A finales de enero el padre Seguí me convocó en su despacho. Con el semblante sombrío y una mirada penetrante me preguntó qué me estaba sucediendo.

—No lo sé —respondí.

—Quizá si hablamos de ello, podamos averiguar de qué se trata —me ofreció Seguí.

—No lo creo —dije con una brusquedad de la que me arrepentí al instante.

—Pasaste una semana fuera del internado estas Navidades. ¿Puedo preguntar dónde?

—Con mi familia.

La mirada de mi tutor se tiñó de sombras.

—Si vas a mentirme, no tiene sentido que continuemos esta conversación, Óscar.

—Es la verdad —dije—, he estado con mi familia…

Febrero trajo consigo el sol. Las luces del invierno fundieron aquel manto de hielo y escarcha que había enmascarado la ciudad. Eso me animó y un sábado me presenté en casa de Marina. Una cadena aseguraba el cierre de la verja. Más allá de los árboles, la vieja mansión parecía más abandonada que nunca. Por un instante creí haber perdido la razón. ¿Lo había imaginado todo? Los habitantes de aquella residencia fantasmal, la historia de Kolvenik y la dama de negro, el inspector Florián, Luis Claret, las criaturas resucitadas…, personajes a los que la mano negra del destino había hecho desaparecer uno a uno… ¿Habría soñado a Marina y su playa encantada?

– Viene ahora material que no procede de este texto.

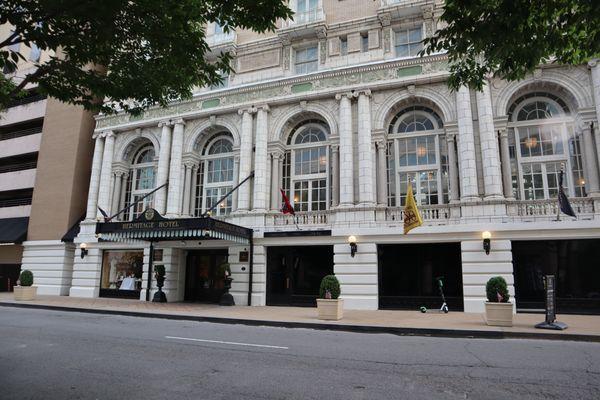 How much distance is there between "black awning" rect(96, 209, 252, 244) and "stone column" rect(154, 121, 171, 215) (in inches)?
145

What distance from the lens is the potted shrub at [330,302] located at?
1490 cm

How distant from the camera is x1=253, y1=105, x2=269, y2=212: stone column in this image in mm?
22016

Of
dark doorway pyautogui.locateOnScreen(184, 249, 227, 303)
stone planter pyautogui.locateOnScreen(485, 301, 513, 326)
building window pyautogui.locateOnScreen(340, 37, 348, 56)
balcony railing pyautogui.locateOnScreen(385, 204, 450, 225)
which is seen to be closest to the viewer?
stone planter pyautogui.locateOnScreen(485, 301, 513, 326)

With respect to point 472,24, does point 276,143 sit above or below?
above

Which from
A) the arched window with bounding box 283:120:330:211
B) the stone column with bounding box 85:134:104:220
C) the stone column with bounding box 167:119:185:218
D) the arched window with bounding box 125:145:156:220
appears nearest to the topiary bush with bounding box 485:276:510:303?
the arched window with bounding box 283:120:330:211

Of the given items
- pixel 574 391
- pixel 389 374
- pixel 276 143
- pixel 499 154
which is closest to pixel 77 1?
pixel 389 374

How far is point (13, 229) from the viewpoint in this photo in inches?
1166

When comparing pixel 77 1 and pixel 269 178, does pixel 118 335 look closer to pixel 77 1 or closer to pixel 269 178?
pixel 77 1

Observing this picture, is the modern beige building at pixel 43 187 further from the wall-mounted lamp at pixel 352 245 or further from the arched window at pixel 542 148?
the arched window at pixel 542 148

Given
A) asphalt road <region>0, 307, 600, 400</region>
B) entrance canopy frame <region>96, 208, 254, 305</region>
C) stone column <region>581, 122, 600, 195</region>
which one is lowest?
asphalt road <region>0, 307, 600, 400</region>

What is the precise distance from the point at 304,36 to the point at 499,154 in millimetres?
12582

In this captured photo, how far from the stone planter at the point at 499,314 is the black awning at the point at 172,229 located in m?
11.7

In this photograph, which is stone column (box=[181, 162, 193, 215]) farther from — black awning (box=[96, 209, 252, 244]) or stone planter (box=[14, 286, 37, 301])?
stone planter (box=[14, 286, 37, 301])

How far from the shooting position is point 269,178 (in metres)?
22.8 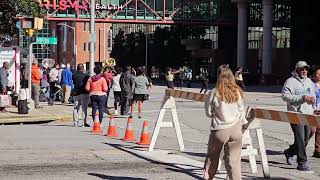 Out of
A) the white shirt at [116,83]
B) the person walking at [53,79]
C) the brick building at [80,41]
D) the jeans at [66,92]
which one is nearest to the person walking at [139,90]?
the white shirt at [116,83]

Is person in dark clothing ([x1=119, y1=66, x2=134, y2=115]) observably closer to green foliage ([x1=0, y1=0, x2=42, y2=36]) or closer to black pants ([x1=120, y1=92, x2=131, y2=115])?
black pants ([x1=120, y1=92, x2=131, y2=115])

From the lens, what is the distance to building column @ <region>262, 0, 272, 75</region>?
215 ft

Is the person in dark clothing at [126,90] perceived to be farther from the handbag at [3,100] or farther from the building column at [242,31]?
the building column at [242,31]

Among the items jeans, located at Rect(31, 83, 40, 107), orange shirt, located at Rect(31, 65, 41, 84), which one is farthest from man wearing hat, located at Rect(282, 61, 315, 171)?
orange shirt, located at Rect(31, 65, 41, 84)

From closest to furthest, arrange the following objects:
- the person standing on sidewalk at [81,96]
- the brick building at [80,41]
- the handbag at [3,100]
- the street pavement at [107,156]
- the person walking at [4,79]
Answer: the street pavement at [107,156], the person standing on sidewalk at [81,96], the handbag at [3,100], the person walking at [4,79], the brick building at [80,41]

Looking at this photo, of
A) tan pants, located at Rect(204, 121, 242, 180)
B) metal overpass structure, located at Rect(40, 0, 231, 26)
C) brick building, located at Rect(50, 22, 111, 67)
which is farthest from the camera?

«Sólo recordamos aquello que nunca sucedió…»

Aquella noche desperté gritando, envuelto en sudor frío y sin saber dónde me encontraba. Había vuelto en sueños a los túneles de Kolvenik. Seguía a Marina sin poder alcanzarla hasta que la descubría cubierta por un manto de mariposas negras; sin embargo, al alzar éstas el vuelo, no dejaban tras de sí más que el vacío. Frío. Sin explicación. El demonio destructor que obsesionaba a Kolvenik. La nada tras la última oscuridad.

Cuando el padre Seguí y mi compañero JF acudieron a mi habitación alertados por mis gritos, tardé unos segundos en reconocerlos. Seguí me tomó el pulso mientras JF me observaba consternado, convencido de que su amigo había perdido la razón por completo. No se movieron de mi lado hasta que volví a dormirme.

Al día siguiente, después de dos meses sin ver a Marina, decidí volver al caserón de Sarriá. No me echaría atrás hasta haber obtenido una explicación.